Yeagley Offers Unique View on Guns
Comanche Indian gun activist and Oberlin Conservatory graduate Dr. David Yeagley spoke to the Oberlin community on Monday, Nov. 3, addressing the role weapons should play in American life as part of an event sponsored by the Oberlin College Republicans.
“I never thought I’d come back to this campus to talk to you about your right to bear arms,” Yeagley began. He spent the opening minutes making us “aware of the part weapons played in forming America.” Reading from various legal sources, he reminisced that it was once prohibited to attend church without your weapon and about how pioneer families placed their shotguns above the fireplace next to their Bible.
Yeagley lamented the loss of the days when “weapons were held in a place of sacred honor... [Guns] meant family, freedom and everything you valued... This is not a legal matter or a technical thing. It’s part of being American.” He added, “You’re not a man without your weapon.”

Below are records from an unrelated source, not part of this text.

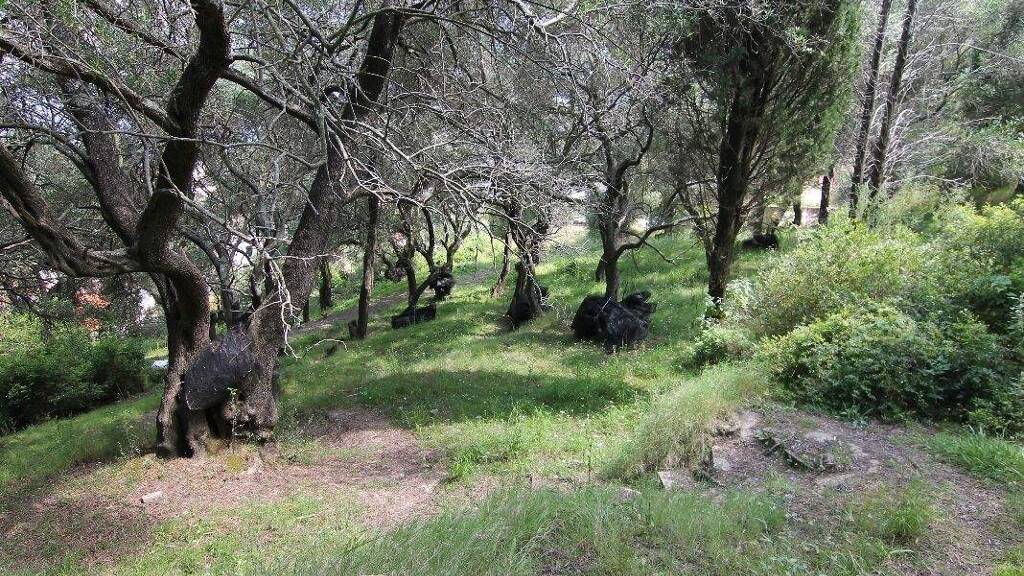 Land-/Forstwirtschaft zum Kauf 350.000 € 4.200 m² Grundstück Korfu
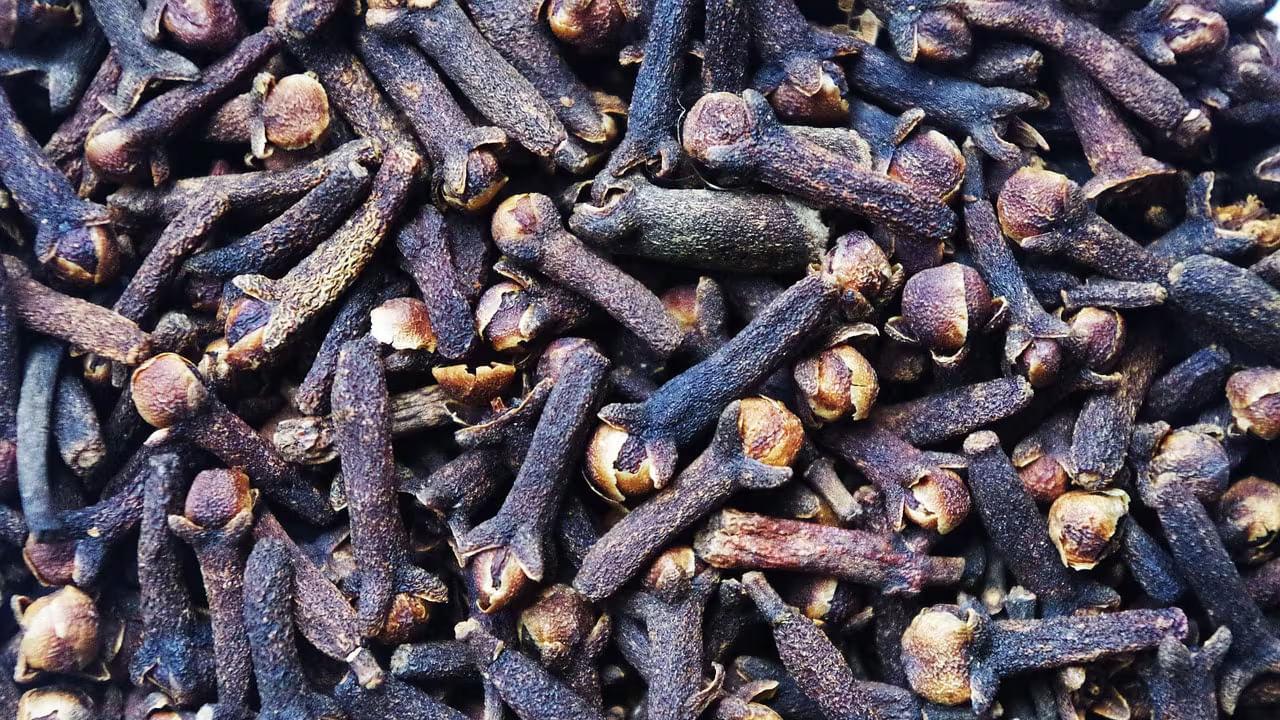 లవంగాలు రోగనిరోధక శక్తిని పెంచడమే కాకుండా ,ఇన్ఫెక్షన్స్‌తో పోరాడే శక్తి స్థాయిలను అందిస్తుంది. ఎందుకంటే? ఇందులో యాంటీ బ్యాక్టీరియల్, యాంటీ ఫంగల్, యాంటీ వైరల్ లక్షణాలు శరీరానికి తక్షణ శక్తిని అందిస్తాయి. అంతే కాకుండా ,ఇవి రోజూ తినడం వలన  గొంతు ఇన్ఫెక్షన్, నోటి బ్యా్క్టీరియా, శ్వాకోశ క్రిములను నాశనం చేసి, ఆరోగ్యాన్ని కాపాడుతుంది. ఇది మీ రక్షణకు ఎంతగానో ఉపయోగపడుతుంది.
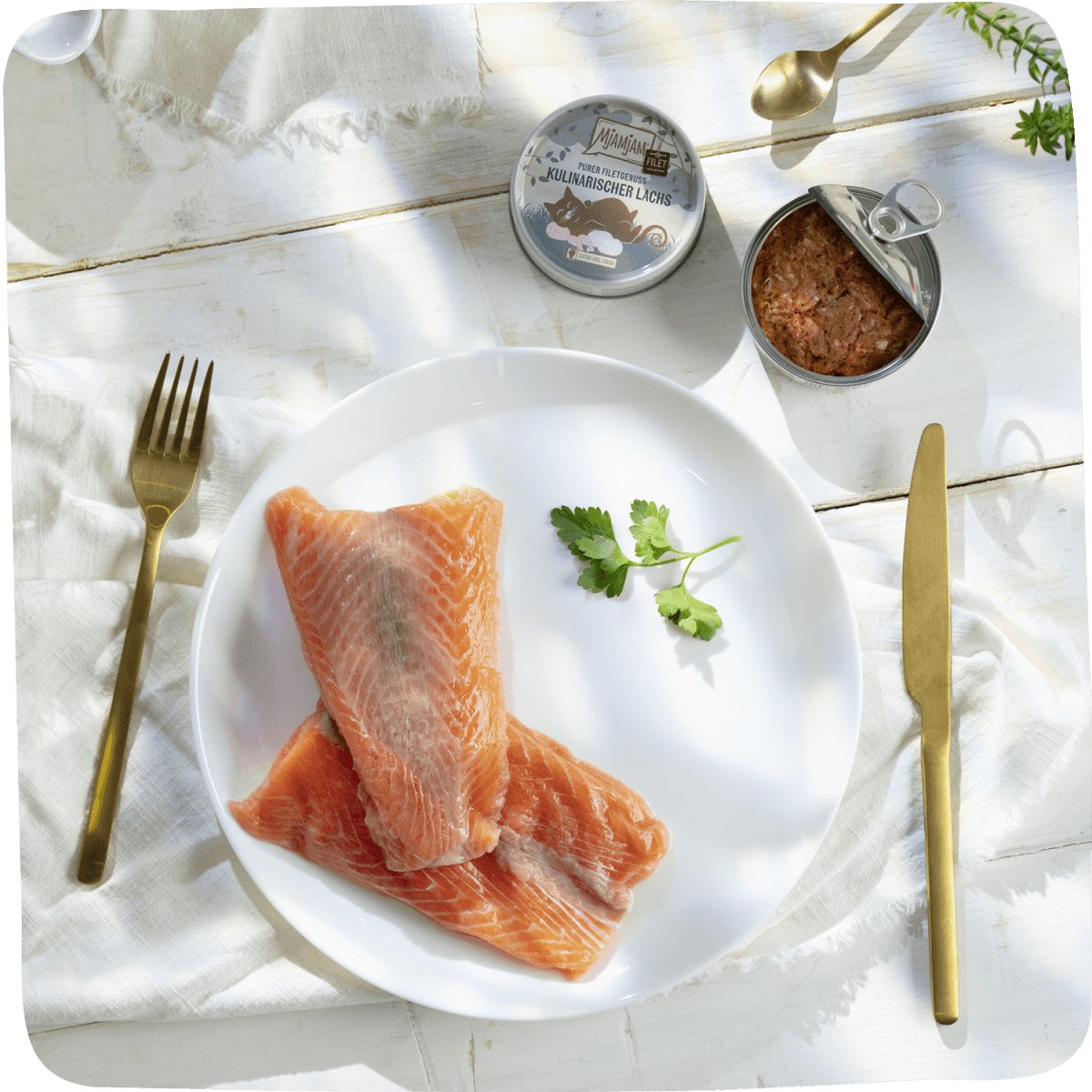 MJAMJAM Pure Fillet Pleasure - Culinary Salmon - Pets Villa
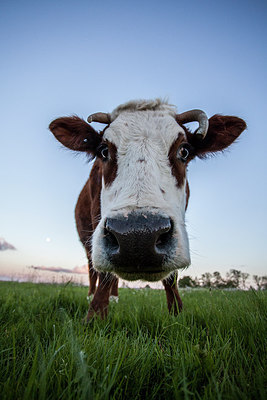 BUITEN BEELD Foto: 248585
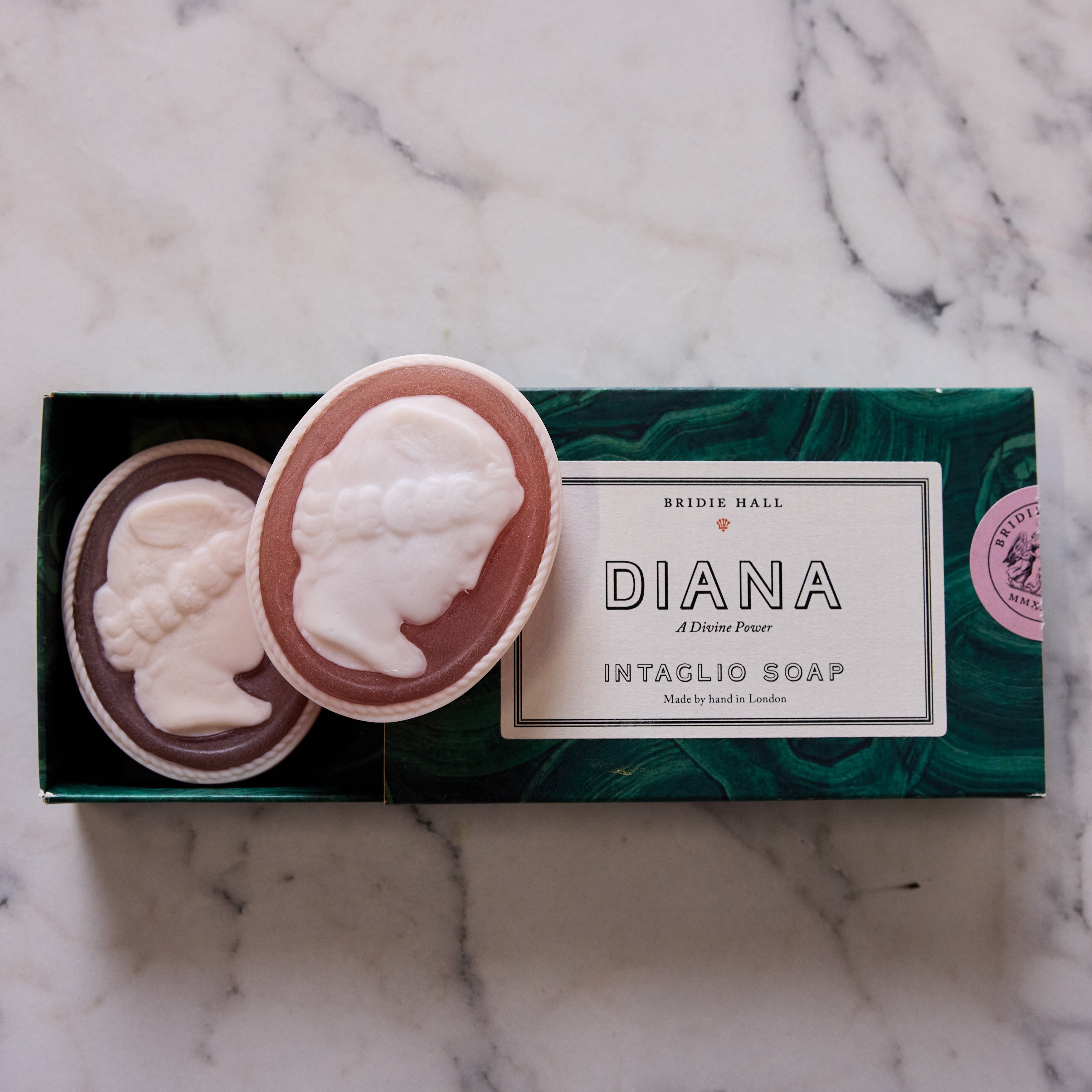 Brown on Rose Shell Dish and Soap Gift Set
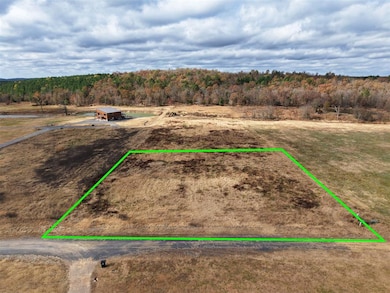 333 Rutty Pine, Broken Bow, OK 74728 - photo 4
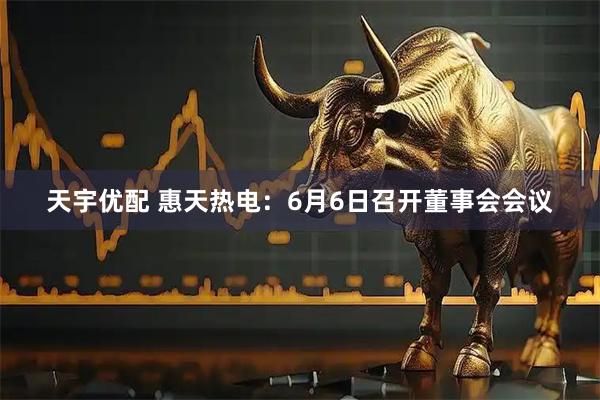 天宇优配 惠天热电：6月6日召开董事会会议
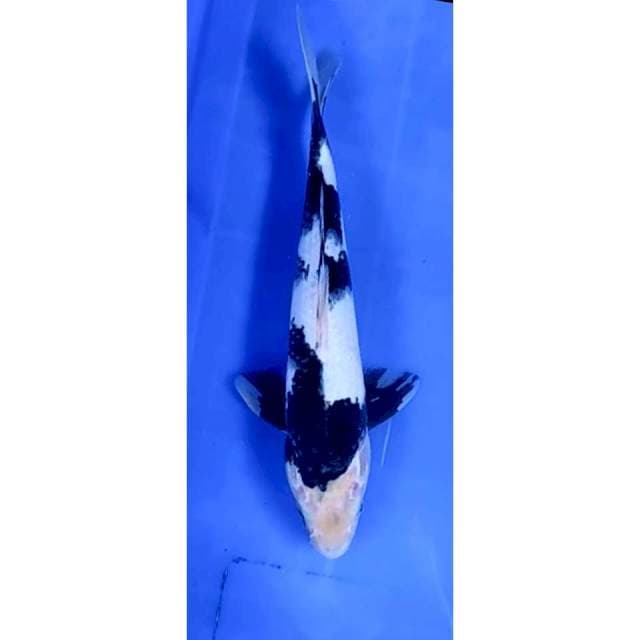 3. Shiro -28cm - jantan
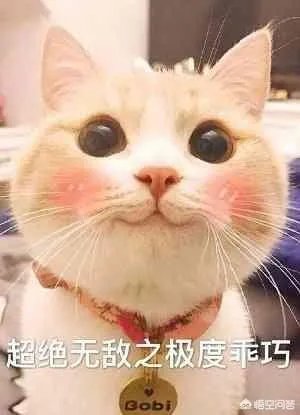如果你和恋爱结婚时,你的前对象来砸场子,该怎么办?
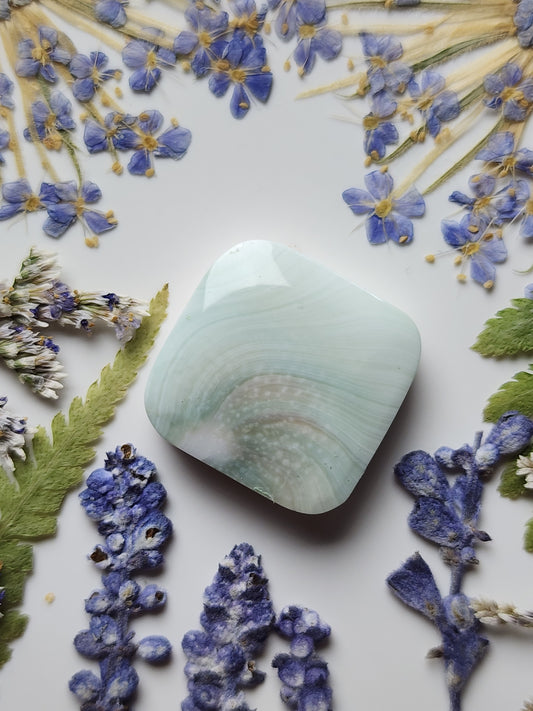 Shiva shell
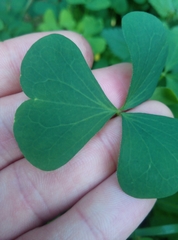 Oxalis stricta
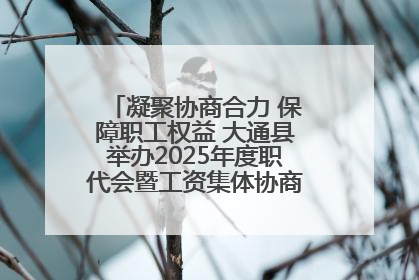 凝聚协商合力 保障职工权益 大通县举办2025年度职代会暨工资集体协商现场观摩交流活动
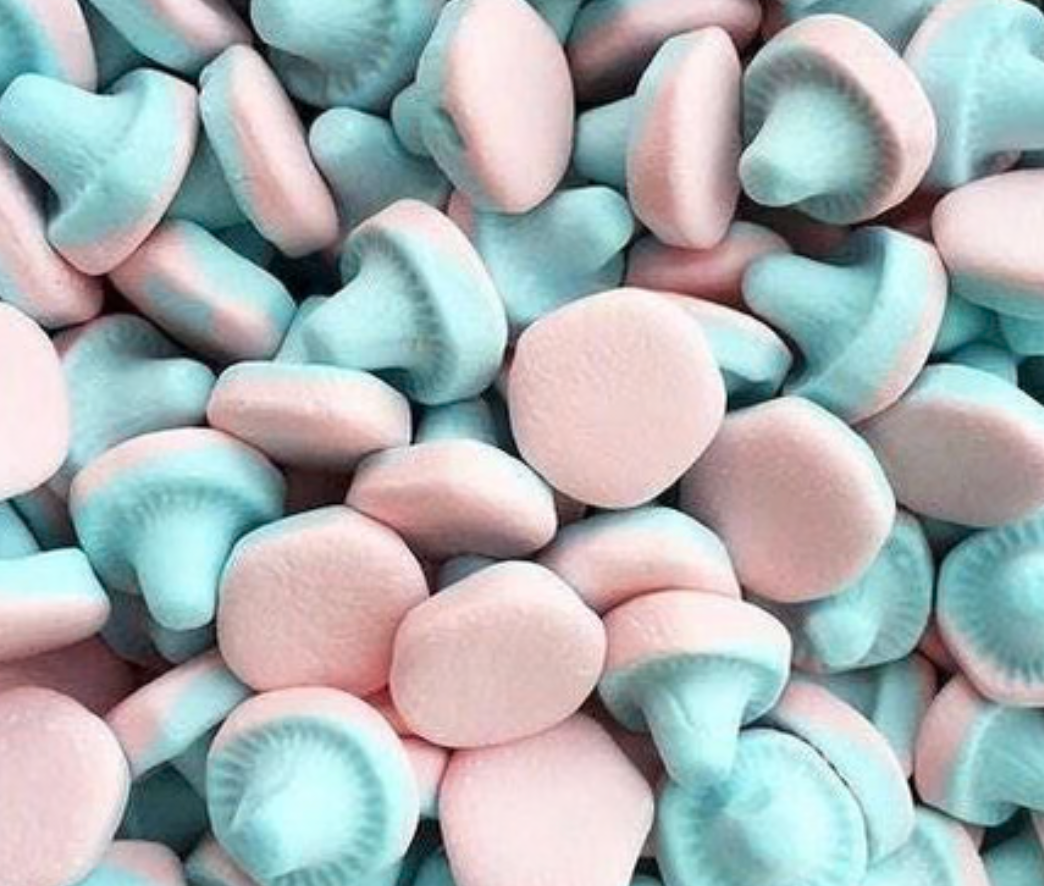 Fizzy Mushrooms – The weirdest forest trip you will ever take.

“Humanity has weapons,” Yeagley continued. “Right and wrong are irrelevant to that issue.” His approach to weaponry in the lecture focused not on ethics and law but instead on “trust in fact and logic.” Yeagley argued that to past Americans, a gun was the most valuable object they could possess. When someone comes with a gun of their own and asks you for your weapon, you are “surrendering to authority and their ideas.” Therefore, he concluded, whoever wants to take your gun is your enemy.
The audience did not seem convinced. College first-year Alex La Ferla questioned whether “the benefits of uncontrolled guns outweigh the accidental deaths and acts of aggression that occur when people have guns; if [Yeagley]’s talking about pragmatism he’s got to take that into consideration.”
When asked, “Is the freedom to own a gun today worth the massacre of thousands of your Comanche ancestors during the founding of America?” Yeagley answered, “What good does it do to lament the past. ... Liberals do Indians a great disservice when they support a profound level of discontent.”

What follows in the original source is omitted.